Home elevation project in progress with a raised flood-damaged Florida house supported by cribbing and steel beams during construction.

St. Pete Homeowners Are Still Waiting On Elevate Florida Grant Answers

Nearly two years after Hurricane Helene flooded neighborhoods across Tampa Bay, some St. Pete homeowners are still stuck in a frustrating middle ground: unable to move fully forward, unable to move back home, and still waiting for clear answers on funding that could help raise their homes above future flood risk.

In Shore Acres, homeowners who applied to Elevate Florida say they have gone months without meaningful updates while their applications move through the review process. For families already paying for temporary housing, storage, repairs, insurance, and everyday life, the delay is not just paperwork. It is a very real financial and emotional burden.


Elevate Florida Was Created To Help Flood Damaged Homes

Finished elevated coastal Florida home built on concrete piers with raised living space, front porch, and flood mitigation design.

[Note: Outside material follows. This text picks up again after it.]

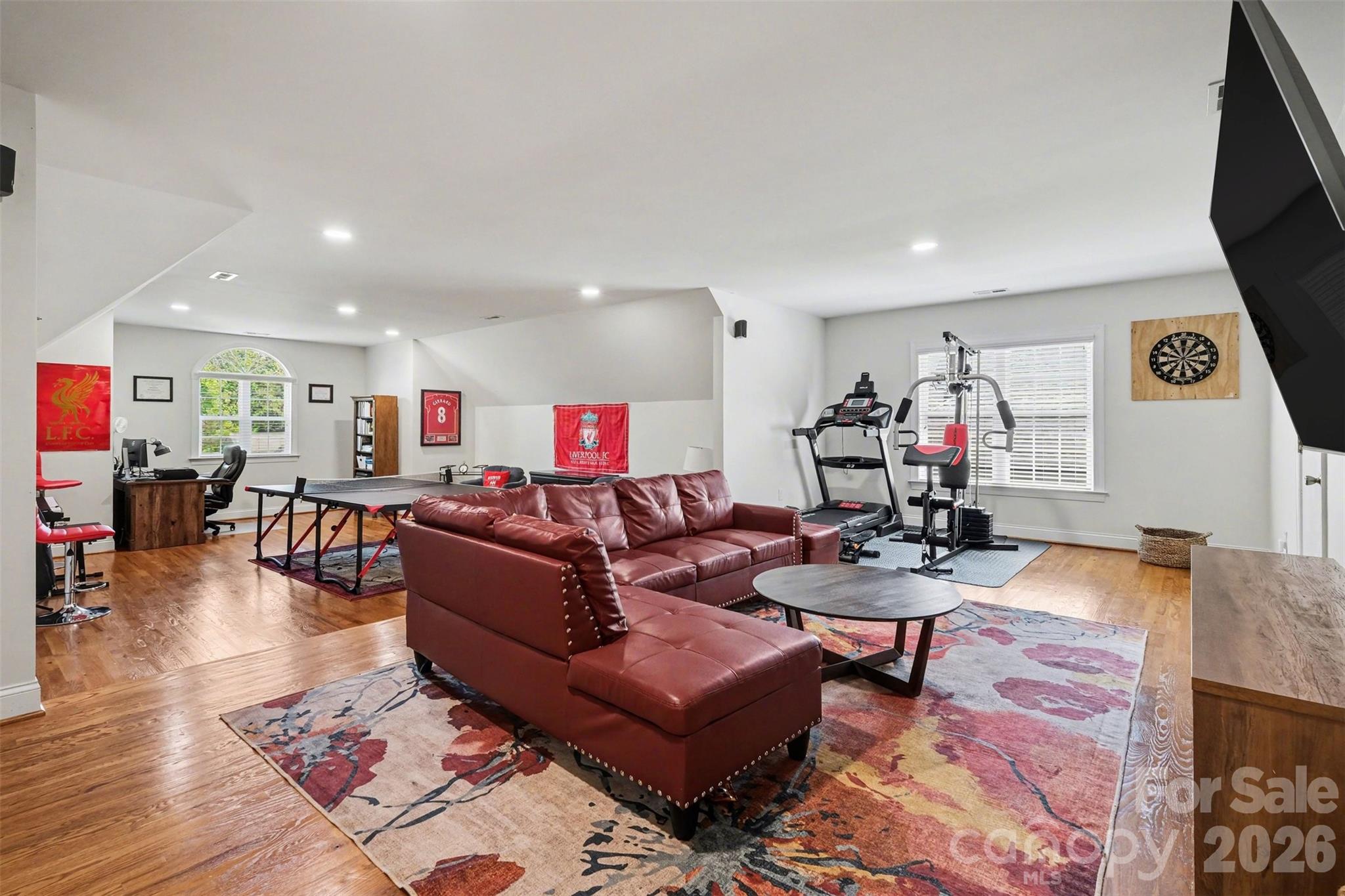 Davidson Downs - Residential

Elevate Florida is a statewide residential mitigation program created to help reduce future storm and flood damage by supporting projects like home elevation, mitigation reconstruction, acquisition demolition, and wind mitigation.

For many flood-prone communities in Pinellas County, the home elevation piece is the part getting the most attention. The program is expected to cover a major portion of eligible home elevation costs, while homeowners would still be responsible for their share of the project.

That can still leave families with a serious expense, but for people trying to stay in neighborhoods like Shore Acres, Venetian Isles, Riviera Bay, and other vulnerable parts of St. Pete, it can be the difference between rebuilding with a plan and feeling trapped by the next hurricane season.


Lawmakers Are Pressing For Faster Movement

The frustration has now reached state lawmakers. Pinellas County representatives have pushed for faster movement on the grant process as homeowners continue waiting for final decisions.

Even after an award is approved, there are still more steps before a project becomes reality, including design, permitting, construction planning, and in some cases temporary housing. That timeline matters because some homeowners have already been out of their homes for nearly two years. One Shore Acres homeowner has voiced that his family is paying “double rent, double bills” while also paying for storage, all while waiting for a final answer.


St. Pete Needs Clear Answers Before The Next Storm

St. Pete homeowners are not asking for a vague promise. They are asking for timelines, communication, and a clear path forward before another peak hurricane season puts the same neighborhoods at risk again.

Elevate Florida logo for the statewide home elevation and flood mitigation grant program.

Elevating homes will not solve every flooding issue in Tampa Bay, but for families trying to remain in the communities they love, it can be one of the most practical long-term options available. The longer the process drags on, the harder it becomes for homeowners to plan, rebuild, or make informed decisions about whether they can stay.

For flood-prone parts of St. Pete, this story is about more than grant paperwork. It is about whether recovery programs can move fast enough to matter for the people they were designed to help.